Je voudrais revenir ici sur quelques antécédents historiques qui montrent à quel point cette démarche constitue une voie sans issue pour la foi.

Trois antécédents historiques de trous, finalement bouchés

Nous sommes à la fin du XIXe siècle. Les astronomes se sont aperçus que l’orbite de la planète Mercure, la plus proche du soleil, ne peut s’expliquer par les lois de Newton. Une situation semblable c’était produite auparavant, avec la lointaine Uranus. Mais l’anomalie de son orbite avait pu s’expliquer dans le cadre Newtonien par la découverte de la plus lointaine encore Neptune. C’est même cette anomalie qui avait permis de prédire l’existence de Neptune. Bref, dans le cas d’Uranus, Neptune avait sauvé Newton. Mais pour Mercure, rien à faire. En cette fin du XIXe siècle, son orbite est bel et bien une énigme sans explication.

Nous sommes maintenant en 1911. Les expériences de Rutherford viennent de montrer qu’un atome, c’est un noyau chargé positivement, avec des électrons qui tournent autour. Et là, il y a un problème. Pourquoi ? Parce que selon la physique connue à l’époque, les électrons devraient rapidement s’écraser sur le noyau. Et quand je dis rapidement, je parle d’une fraction de nanoseconde. Bref, selon la science de l’époque, les atomes ne devraient pas exister. C’est-à-dire que la matière ne devrait pas exister. C’est-à-dire que le monde entier, nous y compris, ne devrait pas exister.

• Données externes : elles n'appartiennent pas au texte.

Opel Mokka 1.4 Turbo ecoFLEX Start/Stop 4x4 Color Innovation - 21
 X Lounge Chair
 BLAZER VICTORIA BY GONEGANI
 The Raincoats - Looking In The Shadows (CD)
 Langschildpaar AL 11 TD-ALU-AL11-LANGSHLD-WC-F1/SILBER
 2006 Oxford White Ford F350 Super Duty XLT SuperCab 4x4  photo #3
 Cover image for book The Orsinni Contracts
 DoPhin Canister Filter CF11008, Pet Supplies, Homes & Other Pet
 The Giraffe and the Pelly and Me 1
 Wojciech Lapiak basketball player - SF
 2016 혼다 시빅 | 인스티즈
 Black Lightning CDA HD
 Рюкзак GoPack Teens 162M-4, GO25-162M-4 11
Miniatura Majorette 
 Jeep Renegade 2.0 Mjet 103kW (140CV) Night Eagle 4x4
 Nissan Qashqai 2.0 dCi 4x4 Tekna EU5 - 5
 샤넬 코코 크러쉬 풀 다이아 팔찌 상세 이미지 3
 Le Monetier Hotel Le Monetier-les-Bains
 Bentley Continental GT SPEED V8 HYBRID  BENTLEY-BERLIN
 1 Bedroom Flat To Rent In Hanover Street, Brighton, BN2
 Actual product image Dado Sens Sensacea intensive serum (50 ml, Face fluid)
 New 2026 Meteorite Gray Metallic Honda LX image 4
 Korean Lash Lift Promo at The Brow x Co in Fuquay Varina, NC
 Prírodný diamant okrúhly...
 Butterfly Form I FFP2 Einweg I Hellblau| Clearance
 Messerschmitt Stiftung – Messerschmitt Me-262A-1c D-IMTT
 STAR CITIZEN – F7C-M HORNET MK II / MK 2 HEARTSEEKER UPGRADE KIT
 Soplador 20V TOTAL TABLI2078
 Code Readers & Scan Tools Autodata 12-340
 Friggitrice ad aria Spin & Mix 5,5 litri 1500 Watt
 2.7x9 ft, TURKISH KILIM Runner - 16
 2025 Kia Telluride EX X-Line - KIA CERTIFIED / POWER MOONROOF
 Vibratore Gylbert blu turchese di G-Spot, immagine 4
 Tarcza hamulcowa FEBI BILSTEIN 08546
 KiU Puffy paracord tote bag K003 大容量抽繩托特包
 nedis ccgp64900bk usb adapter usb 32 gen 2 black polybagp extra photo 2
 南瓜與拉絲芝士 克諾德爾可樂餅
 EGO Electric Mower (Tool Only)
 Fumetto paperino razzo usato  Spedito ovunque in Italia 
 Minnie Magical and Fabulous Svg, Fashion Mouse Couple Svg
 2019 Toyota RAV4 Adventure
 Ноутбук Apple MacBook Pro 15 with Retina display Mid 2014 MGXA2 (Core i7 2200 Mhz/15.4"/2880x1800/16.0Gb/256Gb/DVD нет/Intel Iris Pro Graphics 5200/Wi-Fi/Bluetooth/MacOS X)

Nous sommes finalement en 1920. Arthur Eddington explique une profonde énigme de la science de l’époque : le soleil émet plus de 10^26 joules chaque seconde[2]. Or, on sait que l’énergie se conserve. Question : Mais d’où viennent donc tous ces joules ? Rien de connu à l’époque ne peut l’expliquer. Eddington entrevoit que le récent E=mc2 d’Einstein pourrait fonctionner, sans qu’il sache pour autant d’où viendrait la masse changée en énergie.

Dieu bouche-trou, les trous se bouchent

Les adeptes du dieu bouche-trou eurent ainsi de beaux trous à se mettre sous la dent. J’ignore si le débat science et foi de l’époque en fit état.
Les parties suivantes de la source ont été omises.